Los tarahumara, de Antonin Artaud (Pepitas) Traducción de Carlos Manzano | por Juan Jiménez García
Ay, qué difícil escribir sobre Antonin Artaud. Qué difícil escribir sobre él o el otro, que diría Alberto Savinio. Sobre alguien en constante huída de los demás, en perpetua búsqueda de sí mismo o de algo. Se ha escrito mucho sobre él, nunca lo suficiente. Se ha intentando aprehenderle por todos los medios y siempre escapa. Ha caído en las manos más extrañas (puestos ambulantes de viejas sectas) y ha sobrevivido a todo, pero mal. Aquí al menos. Aquí es este país. Ahora resurge en Pepitas y es el lugar justo. Y también está Julio Monteverde, con su prólogo, y la traducción de Carlos Manzano. Y suspiramos aliviados. Los tarahumara. Artaud y su doble.
Artaud llevaba pensando en México mucho tiempo. No pensaba en ningún paraíso perdido geográfico sino en un paraíso perdido del espíritu. Su intención de viajar hasta allí para comprobar todo esto por sí mismo no pudo concretarse hasta mucho después, en 1936, cuando consigue que el gobierno le encomiende una misión, que completará con conferencias y artículos para la prensa. Su intención: encontrar los orígenes. Del hombre, de la espiritualidad. Su destino, los tarahumara, una de las etnias más antiguas de México. En «los de los pies ligeros» espera encontrar respuestas e incluso la curación. Algunas preguntas seguramente son universales. Otras son algo más íntimas. Hay una frase que me gusta mucho en el prólogo de Monteverde: La actitud de Artaud, por tanto, es la de aquel que viene para introducir su cuerpo en la corriente.

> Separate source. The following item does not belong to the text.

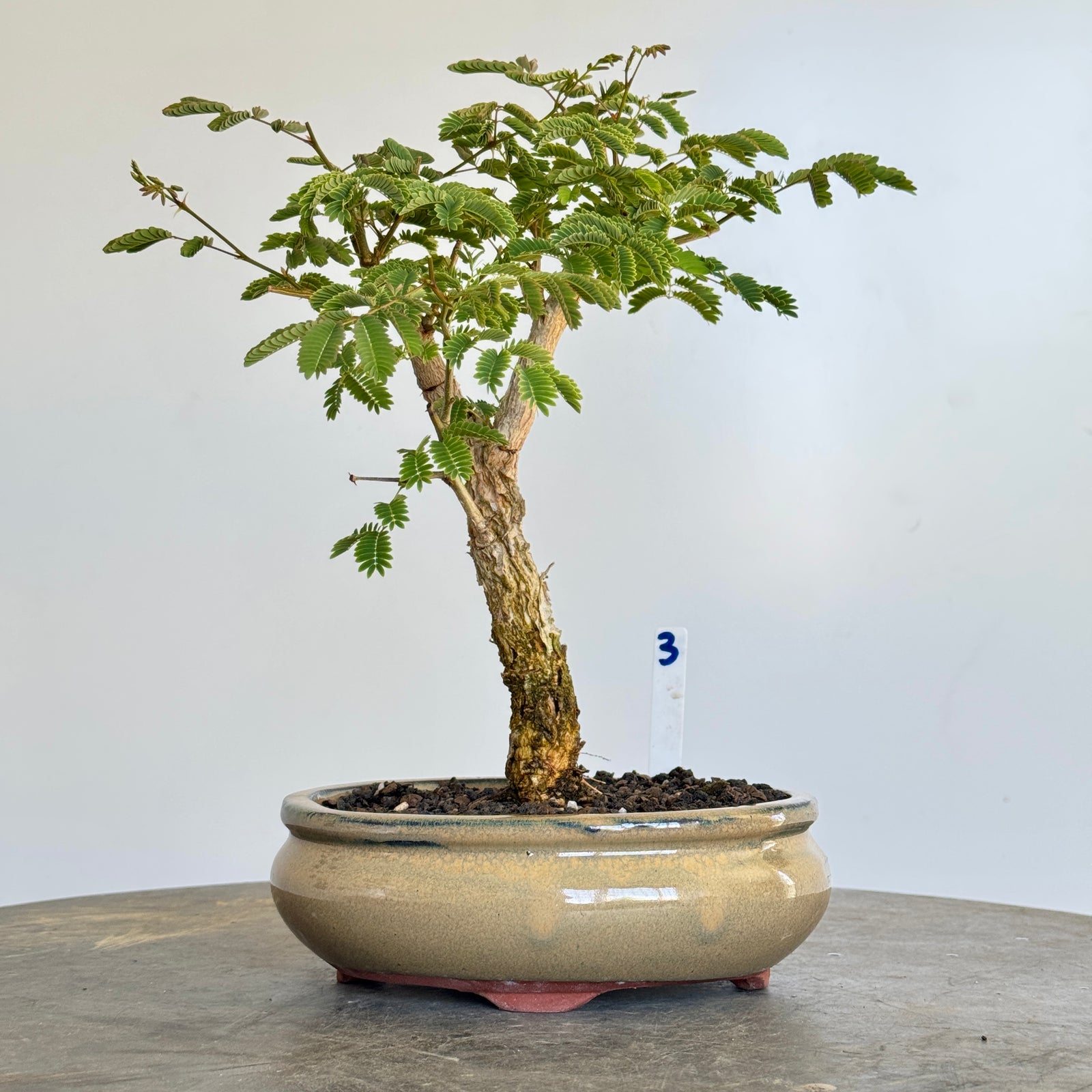 Acacia galpinii, Monkey Thorn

La curación. Frente a un mal oscuro que empezaba a acecharle. Para ello se somete al rito del peyote, tras una larga marcha de veintiocho días y doce días de espera para ser curado. Sobre ese ritual, girarán buena parte de sus textos. Los tarahumara no es más que la reunión de los textos que escribió alrededor de sus experiencias con ellos, de lo que llego a conocer. Textos dispersos atravesados por una misma luz (o una misma oscuridad en busca de ese luminosidad). Incluso cartas escritas en Rodez, enfrentado a su locura o a la locura de los demás. Atrapado en las aguas profundas de un occidente que parece haberlo olvidado todo y, desde luego, aquello que encontró en México. Es precisamente esa conjunción de tiempos y Artauds la que le da una aún mayor riqueza al libro, la que une al escritor con su destino. Si tardó veintiocho días en llegar a la montaña de los tarahumara y encontrarse con la tierra, su viaje al abismo de sí mismo fue más largo. Tres años después se repetía «estoy muerto, estoy muerto, estoy muerto». La búsqueda de la luz contra las tinieblas que encontraba dentro de sí. Si decía que el Peyote había llevado su yo hasta las fuentes auténticas, se enfrentaba a la mentira del otro.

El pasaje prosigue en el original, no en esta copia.